The Spydr South Africa team is led by L-3 Mission Integration and South African prime contractor Aerosud, supported by Zeiss Optronics, Saab, Tellumat, Reutech, and Advanced Technologies and Engineering (ATE). In addition to being prime contractor for South Africa, Aerosud can also perform aircraft modifications and provide support services.
The Spydr system was displayed aboard a modified Hawker Beechcraft King Air 350ER, but is platform independent. The aircraft features an L-3 Wescam MX-15 electro-optical/infrared sensor payload mounted in a ball turret under the fuselage, a satellite communications fairing, line of sight tactical common data link and self protection suite.

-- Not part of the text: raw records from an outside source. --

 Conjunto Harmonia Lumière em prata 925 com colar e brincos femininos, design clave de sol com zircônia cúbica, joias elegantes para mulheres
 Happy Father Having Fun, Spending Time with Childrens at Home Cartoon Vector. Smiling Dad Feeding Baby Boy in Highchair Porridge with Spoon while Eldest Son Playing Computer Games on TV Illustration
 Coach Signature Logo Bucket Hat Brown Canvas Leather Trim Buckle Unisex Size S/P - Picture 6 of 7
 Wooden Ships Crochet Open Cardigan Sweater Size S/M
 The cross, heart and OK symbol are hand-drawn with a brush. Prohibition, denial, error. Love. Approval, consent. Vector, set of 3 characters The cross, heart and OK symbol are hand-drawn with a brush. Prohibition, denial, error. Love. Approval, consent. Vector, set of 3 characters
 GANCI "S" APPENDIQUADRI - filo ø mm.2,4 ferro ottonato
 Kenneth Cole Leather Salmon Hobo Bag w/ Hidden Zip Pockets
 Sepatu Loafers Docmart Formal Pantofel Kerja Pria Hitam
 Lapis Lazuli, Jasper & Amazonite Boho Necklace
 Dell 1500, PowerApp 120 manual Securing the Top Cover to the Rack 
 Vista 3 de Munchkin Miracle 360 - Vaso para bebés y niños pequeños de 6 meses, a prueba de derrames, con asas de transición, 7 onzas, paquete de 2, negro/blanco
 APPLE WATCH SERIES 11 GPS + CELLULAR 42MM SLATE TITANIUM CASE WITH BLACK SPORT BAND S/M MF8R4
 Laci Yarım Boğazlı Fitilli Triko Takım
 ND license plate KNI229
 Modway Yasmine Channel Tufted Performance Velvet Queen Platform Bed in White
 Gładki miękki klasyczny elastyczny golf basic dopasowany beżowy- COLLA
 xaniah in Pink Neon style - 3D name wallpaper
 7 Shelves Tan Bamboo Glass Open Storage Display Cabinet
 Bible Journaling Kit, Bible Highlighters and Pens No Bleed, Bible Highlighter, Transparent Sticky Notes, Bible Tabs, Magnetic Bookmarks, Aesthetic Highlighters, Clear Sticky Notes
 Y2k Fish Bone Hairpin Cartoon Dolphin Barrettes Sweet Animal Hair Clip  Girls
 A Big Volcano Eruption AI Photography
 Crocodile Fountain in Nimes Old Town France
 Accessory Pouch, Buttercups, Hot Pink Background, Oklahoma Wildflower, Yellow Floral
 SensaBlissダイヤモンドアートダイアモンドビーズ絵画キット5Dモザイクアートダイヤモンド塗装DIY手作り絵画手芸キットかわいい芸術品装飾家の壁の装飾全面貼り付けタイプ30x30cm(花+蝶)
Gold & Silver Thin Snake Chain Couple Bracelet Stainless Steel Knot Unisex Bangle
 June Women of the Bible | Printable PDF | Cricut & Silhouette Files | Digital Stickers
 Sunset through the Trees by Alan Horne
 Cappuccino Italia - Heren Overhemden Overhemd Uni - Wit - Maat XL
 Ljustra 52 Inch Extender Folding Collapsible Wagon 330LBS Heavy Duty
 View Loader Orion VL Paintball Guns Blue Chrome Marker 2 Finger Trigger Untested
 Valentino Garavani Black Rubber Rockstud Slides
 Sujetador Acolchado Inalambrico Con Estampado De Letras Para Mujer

“Team SA SPYDR is pleased to support the urgent multi-mission requirements of South Africa, as well as all of the members of the Southern African Development Community (SADC),” said Mark Johnson, L-3 Mission Integration vice president of next-generation ISR special programs. “L-3’s strategic investment in SPYDR…provides a platform that is flexible and rapidly reconfigurable to quickly adapt to new and emerging mission requirements.”
“It’s a very robust design based on our expertise in fielding small, manned ISR aircraft to various customers around the world. These aircraft have demonstrated unparalleled performance in the last three years: more than 40,000 sorties with 170,000 flight hours, while yielding mission availability rates above 95 percent,” Johnson continued. “L-3 and its South African partners have a committed team and proven track record in providing near-term effective solutions to the South African National Defence Force (SANDF).”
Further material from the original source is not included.